Your instructions
In the material below, which lines hold the word "Property"? Pick each one out.
· · · ·
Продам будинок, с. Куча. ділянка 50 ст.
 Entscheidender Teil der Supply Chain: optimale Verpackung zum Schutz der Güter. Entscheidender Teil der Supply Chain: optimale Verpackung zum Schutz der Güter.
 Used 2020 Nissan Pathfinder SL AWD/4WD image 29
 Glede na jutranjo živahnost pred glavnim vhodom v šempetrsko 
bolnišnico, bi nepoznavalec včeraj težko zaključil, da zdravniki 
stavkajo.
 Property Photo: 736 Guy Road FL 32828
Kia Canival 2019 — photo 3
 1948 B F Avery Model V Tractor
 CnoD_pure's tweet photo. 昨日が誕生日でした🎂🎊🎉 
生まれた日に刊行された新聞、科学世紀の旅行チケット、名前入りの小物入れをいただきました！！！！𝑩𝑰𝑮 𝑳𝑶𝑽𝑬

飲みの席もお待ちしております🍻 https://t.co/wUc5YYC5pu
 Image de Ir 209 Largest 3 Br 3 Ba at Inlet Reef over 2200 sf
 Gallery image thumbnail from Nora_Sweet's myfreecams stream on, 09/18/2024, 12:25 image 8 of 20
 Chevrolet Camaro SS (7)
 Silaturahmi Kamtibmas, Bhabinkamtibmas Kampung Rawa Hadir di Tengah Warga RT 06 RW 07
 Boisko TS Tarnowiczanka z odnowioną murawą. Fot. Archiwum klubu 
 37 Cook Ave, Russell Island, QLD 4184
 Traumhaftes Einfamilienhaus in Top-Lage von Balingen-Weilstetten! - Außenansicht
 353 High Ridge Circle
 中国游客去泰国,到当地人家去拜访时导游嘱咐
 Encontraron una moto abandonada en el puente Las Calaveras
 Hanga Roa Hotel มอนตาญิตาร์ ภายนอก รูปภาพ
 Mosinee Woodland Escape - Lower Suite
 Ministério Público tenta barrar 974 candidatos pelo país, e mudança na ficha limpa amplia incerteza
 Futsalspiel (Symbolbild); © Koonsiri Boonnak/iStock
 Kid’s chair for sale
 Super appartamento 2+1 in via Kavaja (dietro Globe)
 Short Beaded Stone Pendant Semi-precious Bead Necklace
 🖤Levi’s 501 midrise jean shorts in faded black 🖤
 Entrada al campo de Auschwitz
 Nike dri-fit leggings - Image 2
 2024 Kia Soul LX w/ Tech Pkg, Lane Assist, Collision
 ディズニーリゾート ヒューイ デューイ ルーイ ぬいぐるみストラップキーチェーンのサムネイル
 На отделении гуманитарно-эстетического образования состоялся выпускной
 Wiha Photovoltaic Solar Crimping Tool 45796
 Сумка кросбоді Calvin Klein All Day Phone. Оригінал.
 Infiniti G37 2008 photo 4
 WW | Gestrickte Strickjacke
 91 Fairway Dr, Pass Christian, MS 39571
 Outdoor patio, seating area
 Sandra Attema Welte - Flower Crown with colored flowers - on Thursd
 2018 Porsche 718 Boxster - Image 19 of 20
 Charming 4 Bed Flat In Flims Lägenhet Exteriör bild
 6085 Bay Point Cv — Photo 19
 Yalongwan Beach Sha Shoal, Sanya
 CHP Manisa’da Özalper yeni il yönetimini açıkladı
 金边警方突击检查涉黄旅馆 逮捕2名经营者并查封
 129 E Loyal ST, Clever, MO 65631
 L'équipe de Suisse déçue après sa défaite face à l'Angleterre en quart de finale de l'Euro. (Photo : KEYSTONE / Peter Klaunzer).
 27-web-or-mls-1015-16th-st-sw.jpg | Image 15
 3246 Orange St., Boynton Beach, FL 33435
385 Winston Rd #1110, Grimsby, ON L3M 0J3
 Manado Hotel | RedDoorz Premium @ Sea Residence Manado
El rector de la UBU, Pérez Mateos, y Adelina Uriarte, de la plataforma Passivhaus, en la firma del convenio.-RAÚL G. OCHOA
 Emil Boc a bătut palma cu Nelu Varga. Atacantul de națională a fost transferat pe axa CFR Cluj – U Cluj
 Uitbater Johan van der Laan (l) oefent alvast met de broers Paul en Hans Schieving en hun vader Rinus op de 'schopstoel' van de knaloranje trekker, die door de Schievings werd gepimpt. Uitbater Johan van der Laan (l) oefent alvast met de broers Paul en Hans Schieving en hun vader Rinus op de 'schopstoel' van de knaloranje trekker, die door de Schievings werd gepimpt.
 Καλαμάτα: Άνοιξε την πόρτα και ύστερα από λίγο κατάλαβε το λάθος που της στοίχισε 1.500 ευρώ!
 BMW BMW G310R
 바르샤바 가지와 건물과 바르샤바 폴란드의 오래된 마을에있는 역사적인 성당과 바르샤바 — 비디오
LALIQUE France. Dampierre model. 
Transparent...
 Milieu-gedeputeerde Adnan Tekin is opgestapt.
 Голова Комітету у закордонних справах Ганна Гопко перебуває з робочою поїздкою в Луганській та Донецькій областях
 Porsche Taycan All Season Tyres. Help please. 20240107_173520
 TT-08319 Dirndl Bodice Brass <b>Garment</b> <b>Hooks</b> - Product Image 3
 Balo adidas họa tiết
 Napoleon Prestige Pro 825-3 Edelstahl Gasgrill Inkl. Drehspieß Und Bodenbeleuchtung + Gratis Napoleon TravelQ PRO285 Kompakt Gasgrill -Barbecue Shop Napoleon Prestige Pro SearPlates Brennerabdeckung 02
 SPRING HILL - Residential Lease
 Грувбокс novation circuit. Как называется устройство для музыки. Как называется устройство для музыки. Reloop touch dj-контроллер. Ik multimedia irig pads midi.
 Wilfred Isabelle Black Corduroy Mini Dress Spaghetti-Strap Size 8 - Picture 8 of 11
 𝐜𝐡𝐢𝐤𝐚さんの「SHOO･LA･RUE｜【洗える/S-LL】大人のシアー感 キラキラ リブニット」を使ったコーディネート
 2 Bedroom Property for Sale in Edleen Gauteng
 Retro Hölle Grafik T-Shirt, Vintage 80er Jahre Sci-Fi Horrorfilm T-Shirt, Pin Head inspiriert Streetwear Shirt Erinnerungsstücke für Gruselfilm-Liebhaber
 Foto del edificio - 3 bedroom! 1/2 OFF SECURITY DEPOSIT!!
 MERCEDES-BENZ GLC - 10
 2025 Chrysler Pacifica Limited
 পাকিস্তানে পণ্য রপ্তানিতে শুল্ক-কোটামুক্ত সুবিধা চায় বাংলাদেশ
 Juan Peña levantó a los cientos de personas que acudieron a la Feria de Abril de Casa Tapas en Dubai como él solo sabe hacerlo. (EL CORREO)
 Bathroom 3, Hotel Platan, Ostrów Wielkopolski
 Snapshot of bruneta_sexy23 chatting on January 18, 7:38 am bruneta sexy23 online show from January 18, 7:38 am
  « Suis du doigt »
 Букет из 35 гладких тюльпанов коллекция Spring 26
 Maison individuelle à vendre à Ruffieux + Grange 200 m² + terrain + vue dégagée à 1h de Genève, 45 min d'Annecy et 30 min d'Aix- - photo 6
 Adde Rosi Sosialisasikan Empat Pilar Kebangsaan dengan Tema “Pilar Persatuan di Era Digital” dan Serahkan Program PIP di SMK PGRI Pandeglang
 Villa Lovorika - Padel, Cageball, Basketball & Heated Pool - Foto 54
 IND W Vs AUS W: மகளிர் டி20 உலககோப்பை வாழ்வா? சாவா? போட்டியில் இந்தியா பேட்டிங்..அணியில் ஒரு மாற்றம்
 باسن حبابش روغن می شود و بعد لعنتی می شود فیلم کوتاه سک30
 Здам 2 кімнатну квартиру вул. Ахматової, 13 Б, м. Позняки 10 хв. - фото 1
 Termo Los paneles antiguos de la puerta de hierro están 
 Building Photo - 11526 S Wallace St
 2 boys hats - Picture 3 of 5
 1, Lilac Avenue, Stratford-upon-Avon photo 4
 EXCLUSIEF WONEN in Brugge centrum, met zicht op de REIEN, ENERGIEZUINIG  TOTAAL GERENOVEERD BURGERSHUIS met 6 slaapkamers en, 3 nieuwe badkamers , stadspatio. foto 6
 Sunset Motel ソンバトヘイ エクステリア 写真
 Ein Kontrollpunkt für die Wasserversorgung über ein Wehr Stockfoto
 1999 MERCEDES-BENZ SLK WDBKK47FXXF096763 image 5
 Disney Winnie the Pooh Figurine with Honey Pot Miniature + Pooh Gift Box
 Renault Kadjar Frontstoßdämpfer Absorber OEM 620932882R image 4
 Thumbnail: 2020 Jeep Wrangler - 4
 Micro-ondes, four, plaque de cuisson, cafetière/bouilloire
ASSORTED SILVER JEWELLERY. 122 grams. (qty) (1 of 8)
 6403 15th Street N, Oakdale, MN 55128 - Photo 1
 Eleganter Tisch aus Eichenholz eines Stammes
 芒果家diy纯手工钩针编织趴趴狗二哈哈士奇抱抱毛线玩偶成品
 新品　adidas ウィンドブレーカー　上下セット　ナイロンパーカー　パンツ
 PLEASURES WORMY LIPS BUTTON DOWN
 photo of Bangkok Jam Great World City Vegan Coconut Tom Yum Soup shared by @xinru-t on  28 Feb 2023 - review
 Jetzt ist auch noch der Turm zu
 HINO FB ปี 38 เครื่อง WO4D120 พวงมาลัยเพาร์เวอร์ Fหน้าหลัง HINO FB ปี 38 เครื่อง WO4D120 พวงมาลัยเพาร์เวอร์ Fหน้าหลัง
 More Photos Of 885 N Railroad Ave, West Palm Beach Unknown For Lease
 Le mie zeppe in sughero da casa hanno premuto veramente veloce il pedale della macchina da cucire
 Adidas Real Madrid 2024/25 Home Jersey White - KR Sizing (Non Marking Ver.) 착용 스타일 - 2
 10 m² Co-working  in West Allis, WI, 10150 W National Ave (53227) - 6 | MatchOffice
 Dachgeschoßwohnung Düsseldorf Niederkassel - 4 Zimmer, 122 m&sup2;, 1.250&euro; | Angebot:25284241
· · · ·
Response
 Property Photo: 736 Guy Road FL 32828
 2 Bedroom Property for Sale in Edleen Gauteng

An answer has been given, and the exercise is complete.